= What the task asks =
Needed from the data below: every line from the one with "Dollhouse Black Double-Breasted" up to and including the one with "Coaster Home Furnishings", repeated exactly and with nothing else.

= Task material =
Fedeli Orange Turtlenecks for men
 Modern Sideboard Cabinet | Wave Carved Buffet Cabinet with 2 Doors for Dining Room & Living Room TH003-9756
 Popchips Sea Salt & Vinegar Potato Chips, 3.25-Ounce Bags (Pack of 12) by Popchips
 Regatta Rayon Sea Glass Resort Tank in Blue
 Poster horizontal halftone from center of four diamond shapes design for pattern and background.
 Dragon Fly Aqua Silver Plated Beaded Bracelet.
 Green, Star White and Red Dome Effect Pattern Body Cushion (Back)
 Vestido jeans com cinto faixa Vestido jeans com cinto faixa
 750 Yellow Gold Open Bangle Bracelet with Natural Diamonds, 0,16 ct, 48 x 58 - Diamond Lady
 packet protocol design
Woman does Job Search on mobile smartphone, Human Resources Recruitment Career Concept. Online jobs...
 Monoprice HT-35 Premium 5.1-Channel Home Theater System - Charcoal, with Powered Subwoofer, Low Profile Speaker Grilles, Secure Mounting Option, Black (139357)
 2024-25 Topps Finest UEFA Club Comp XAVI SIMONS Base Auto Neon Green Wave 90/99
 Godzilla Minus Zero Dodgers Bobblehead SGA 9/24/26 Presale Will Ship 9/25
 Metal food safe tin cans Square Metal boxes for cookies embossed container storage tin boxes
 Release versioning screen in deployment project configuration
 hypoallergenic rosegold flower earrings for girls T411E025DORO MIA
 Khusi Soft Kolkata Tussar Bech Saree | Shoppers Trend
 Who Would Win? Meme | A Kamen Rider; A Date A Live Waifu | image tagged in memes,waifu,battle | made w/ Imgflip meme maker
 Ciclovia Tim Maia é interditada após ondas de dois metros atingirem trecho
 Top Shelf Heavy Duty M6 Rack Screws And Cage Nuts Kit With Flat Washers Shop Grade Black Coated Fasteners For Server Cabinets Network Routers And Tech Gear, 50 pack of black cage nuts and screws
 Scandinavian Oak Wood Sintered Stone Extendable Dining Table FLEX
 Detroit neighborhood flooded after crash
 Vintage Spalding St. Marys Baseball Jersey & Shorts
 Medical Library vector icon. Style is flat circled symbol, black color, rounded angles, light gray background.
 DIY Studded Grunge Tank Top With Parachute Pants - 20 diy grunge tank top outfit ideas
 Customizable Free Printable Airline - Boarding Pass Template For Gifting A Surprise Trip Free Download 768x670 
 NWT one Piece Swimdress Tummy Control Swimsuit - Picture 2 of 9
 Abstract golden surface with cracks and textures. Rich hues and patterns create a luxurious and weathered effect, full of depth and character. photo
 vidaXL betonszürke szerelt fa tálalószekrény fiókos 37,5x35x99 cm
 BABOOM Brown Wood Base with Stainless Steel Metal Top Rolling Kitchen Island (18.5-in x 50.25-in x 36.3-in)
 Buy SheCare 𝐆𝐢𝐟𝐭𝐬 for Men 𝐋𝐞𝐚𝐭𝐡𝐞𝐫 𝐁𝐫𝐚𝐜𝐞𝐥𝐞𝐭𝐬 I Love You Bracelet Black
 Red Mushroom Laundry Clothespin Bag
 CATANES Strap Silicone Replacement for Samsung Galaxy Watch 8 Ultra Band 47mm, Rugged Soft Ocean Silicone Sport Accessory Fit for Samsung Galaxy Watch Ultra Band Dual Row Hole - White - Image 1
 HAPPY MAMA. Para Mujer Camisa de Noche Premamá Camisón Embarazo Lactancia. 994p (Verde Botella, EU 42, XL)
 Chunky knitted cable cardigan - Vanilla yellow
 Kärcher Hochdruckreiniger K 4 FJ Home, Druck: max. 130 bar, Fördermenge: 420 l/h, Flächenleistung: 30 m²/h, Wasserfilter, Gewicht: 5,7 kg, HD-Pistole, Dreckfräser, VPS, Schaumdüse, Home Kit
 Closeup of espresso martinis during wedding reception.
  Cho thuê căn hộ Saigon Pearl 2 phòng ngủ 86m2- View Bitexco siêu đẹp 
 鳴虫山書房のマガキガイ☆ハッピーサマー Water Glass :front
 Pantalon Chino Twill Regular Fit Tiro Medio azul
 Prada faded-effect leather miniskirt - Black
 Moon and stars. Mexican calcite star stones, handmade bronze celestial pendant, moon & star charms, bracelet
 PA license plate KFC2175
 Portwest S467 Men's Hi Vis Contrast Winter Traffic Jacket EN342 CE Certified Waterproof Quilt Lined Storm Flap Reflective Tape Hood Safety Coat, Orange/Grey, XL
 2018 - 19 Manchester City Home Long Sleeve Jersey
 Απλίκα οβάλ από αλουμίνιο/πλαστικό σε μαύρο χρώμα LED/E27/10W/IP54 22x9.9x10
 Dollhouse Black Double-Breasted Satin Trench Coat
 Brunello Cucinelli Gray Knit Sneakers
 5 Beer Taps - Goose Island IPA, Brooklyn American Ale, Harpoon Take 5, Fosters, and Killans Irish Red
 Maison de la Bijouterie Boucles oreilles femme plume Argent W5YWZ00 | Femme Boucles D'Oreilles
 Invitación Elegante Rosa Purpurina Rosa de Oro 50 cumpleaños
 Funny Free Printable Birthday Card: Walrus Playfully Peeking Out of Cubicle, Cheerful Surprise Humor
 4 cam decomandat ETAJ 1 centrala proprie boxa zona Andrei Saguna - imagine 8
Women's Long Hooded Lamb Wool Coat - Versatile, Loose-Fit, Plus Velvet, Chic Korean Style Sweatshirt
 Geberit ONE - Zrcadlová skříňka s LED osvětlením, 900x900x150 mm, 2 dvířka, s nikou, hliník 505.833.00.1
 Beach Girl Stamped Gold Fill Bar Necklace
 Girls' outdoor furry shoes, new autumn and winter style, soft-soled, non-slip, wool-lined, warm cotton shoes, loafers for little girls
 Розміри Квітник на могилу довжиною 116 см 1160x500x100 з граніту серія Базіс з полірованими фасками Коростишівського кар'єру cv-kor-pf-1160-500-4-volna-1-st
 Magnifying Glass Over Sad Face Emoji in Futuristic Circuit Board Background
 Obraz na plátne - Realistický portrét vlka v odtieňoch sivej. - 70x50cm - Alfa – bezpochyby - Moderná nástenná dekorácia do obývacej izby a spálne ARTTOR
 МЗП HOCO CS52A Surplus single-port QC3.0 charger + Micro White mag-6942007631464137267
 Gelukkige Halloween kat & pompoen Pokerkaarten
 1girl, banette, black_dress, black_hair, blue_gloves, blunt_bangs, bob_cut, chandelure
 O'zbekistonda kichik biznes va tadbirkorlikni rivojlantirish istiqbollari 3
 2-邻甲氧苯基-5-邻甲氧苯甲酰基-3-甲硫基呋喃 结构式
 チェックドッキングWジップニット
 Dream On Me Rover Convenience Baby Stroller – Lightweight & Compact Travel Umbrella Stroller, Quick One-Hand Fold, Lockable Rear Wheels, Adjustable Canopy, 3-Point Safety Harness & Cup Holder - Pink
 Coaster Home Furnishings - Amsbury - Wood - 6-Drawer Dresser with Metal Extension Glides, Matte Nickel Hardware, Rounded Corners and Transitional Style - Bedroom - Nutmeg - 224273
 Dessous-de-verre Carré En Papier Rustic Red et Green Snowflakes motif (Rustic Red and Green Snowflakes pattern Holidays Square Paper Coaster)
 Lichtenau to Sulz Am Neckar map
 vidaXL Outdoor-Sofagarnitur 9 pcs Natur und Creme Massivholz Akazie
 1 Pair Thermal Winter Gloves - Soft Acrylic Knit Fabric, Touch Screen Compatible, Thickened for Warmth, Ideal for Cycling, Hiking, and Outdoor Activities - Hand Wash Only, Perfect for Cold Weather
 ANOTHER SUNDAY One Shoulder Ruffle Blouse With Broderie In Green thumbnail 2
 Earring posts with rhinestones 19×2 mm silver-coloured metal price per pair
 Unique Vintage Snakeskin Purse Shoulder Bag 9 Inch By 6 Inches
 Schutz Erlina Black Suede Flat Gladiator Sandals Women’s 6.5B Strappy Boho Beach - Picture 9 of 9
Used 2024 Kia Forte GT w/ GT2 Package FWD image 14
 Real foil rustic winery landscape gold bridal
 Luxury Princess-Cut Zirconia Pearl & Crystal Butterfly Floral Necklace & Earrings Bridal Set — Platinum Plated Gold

= Reply =
 Dollhouse Black Double-Breasted Satin Trench Coat
 Brunello Cucinelli Gray Knit Sneakers
 5 Beer Taps - Goose Island IPA, Brooklyn American Ale, Harpoon Take 5, Fosters, and Killans Irish Red
 Maison de la Bijouterie Boucles oreilles femme plume Argent W5YWZ00 | Femme Boucles D'Oreilles
 Invitación Elegante Rosa Purpurina Rosa de Oro 50 cumpleaños
 Funny Free Printable Birthday Card: Walrus Playfully Peeking Out of Cubicle, Cheerful Surprise Humor
 4 cam decomandat ETAJ 1 centrala proprie boxa zona Andrei Saguna - imagine 8
Women's Long Hooded Lamb Wool Coat - Versatile, Loose-Fit, Plus Velvet, Chic Korean Style Sweatshirt
 Geberit ONE - Zrcadlová skříňka s LED osvětlením, 900x900x150 mm, 2 dvířka, s nikou, hliník 505.833.00.1
 Beach Girl Stamped Gold Fill Bar Necklace
 Girls' outdoor furry shoes, new autumn and winter style, soft-soled, non-slip, wool-lined, warm cotton shoes, loafers for little girls
 Розміри Квітник на могилу довжиною 116 см 1160x500x100 з граніту серія Базіс з полірованими фасками Коростишівського кар'єру cv-kor-pf-1160-500-4-volna-1-st
 Magnifying Glass Over Sad Face Emoji in Futuristic Circuit Board Background
 Obraz na plátne - Realistický portrét vlka v odtieňoch sivej. - 70x50cm - Alfa – bezpochyby - Moderná nástenná dekorácia do obývacej izby a spálne ARTTOR
 МЗП HOCO CS52A Surplus single-port QC3.0 charger + Micro White mag-6942007631464137267
 Gelukkige Halloween kat & pompoen Pokerkaarten
 1girl, banette, black_dress, black_hair, blue_gloves, blunt_bangs, bob_cut, chandelure
 O'zbekistonda kichik biznes va tadbirkorlikni rivojlantirish istiqbollari 3
 2-邻甲氧苯基-5-邻甲氧苯甲酰基-3-甲硫基呋喃 结构式
 チェックドッキングWジップニット
 Dream On Me Rover Convenience Baby Stroller – Lightweight & Compact Travel Umbrella Stroller, Quick One-Hand Fold, Lockable Rear Wheels, Adjustable Canopy, 3-Point Safety Harness & Cup Holder - Pink
 Coaster Home Furnishings - Amsbury - Wood - 6-Drawer Dresser with Metal Extension Glides, Matte Nickel Hardware, Rounded Corners and Transitional Style - Bedroom - Nutmeg - 224273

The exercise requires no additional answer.